▸ **WHAT YOU WILL DO**:
Going through the data below, copy out each line where the word "White" shows up.
--------
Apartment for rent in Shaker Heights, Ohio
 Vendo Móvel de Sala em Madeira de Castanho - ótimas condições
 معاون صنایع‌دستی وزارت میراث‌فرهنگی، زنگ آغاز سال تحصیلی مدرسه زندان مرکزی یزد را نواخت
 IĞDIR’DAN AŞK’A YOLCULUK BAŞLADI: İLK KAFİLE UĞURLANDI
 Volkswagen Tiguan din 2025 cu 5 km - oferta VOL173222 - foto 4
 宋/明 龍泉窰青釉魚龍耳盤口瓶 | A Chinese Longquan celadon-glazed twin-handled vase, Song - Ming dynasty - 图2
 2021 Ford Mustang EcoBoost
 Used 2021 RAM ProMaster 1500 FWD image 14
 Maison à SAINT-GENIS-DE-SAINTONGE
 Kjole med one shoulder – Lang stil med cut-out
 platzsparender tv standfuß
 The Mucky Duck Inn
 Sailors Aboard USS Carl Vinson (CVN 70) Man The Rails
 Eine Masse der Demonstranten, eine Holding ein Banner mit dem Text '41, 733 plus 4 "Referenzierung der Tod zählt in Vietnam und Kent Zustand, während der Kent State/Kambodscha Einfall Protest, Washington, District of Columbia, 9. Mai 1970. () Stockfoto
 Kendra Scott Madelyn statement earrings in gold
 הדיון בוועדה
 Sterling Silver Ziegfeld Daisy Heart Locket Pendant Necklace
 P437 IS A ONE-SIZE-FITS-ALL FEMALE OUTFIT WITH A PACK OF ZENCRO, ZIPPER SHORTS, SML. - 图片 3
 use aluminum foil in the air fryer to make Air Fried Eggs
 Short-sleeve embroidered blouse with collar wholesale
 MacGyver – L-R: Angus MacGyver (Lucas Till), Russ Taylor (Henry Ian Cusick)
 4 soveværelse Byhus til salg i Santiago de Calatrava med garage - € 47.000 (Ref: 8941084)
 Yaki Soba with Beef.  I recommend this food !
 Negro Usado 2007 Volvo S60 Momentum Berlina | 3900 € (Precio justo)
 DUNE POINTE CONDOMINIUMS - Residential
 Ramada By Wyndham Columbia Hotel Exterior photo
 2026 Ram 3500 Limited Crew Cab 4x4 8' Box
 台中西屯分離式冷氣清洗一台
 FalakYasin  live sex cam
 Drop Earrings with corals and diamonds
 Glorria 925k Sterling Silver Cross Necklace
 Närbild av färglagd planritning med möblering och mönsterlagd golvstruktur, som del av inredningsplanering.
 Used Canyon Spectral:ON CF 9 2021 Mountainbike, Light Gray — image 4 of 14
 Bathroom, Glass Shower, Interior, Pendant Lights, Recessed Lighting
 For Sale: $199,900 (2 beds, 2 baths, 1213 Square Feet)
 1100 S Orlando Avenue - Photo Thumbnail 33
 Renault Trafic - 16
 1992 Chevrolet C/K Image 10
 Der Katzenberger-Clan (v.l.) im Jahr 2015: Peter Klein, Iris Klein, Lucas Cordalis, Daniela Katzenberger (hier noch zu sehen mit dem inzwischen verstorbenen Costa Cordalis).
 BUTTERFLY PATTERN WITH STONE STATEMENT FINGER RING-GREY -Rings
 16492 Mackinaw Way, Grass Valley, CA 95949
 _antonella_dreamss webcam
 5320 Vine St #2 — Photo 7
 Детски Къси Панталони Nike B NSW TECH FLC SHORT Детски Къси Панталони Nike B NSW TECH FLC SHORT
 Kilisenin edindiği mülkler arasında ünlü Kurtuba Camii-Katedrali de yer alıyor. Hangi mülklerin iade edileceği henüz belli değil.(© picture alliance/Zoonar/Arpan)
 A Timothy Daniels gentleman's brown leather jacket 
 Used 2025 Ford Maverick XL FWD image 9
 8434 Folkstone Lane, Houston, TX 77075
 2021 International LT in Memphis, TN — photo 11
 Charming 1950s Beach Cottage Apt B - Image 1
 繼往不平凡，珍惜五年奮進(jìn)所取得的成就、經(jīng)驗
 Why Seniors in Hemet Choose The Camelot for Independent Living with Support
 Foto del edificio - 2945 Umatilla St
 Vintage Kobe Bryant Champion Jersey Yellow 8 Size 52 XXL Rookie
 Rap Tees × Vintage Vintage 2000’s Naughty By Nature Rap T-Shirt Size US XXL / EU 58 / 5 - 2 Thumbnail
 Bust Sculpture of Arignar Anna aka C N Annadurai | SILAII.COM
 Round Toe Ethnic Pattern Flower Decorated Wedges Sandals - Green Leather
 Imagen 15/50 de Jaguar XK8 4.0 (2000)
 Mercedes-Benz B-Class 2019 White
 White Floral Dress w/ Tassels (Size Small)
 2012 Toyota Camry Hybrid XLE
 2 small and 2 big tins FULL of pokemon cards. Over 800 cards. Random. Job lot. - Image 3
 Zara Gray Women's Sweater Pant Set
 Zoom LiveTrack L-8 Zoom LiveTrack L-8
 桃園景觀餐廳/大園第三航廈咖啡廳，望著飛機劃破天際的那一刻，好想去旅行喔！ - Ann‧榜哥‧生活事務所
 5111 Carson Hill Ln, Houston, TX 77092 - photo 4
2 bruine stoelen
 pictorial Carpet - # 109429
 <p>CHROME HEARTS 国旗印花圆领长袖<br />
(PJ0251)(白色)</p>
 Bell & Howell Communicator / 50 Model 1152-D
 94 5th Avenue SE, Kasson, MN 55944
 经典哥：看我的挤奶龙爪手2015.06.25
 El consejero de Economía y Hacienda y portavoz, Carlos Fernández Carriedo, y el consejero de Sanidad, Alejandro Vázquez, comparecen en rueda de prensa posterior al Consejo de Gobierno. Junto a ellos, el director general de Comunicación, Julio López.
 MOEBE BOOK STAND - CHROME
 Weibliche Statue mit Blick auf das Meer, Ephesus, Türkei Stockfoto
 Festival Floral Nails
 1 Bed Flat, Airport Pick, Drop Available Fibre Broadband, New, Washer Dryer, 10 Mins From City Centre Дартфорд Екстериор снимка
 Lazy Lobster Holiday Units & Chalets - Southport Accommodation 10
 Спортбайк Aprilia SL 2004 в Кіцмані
--------
▸ **EXERCISE SOLUTION**:
 Mercedes-Benz B-Class 2019 White
 White Floral Dress w/ Tassels (Size Small)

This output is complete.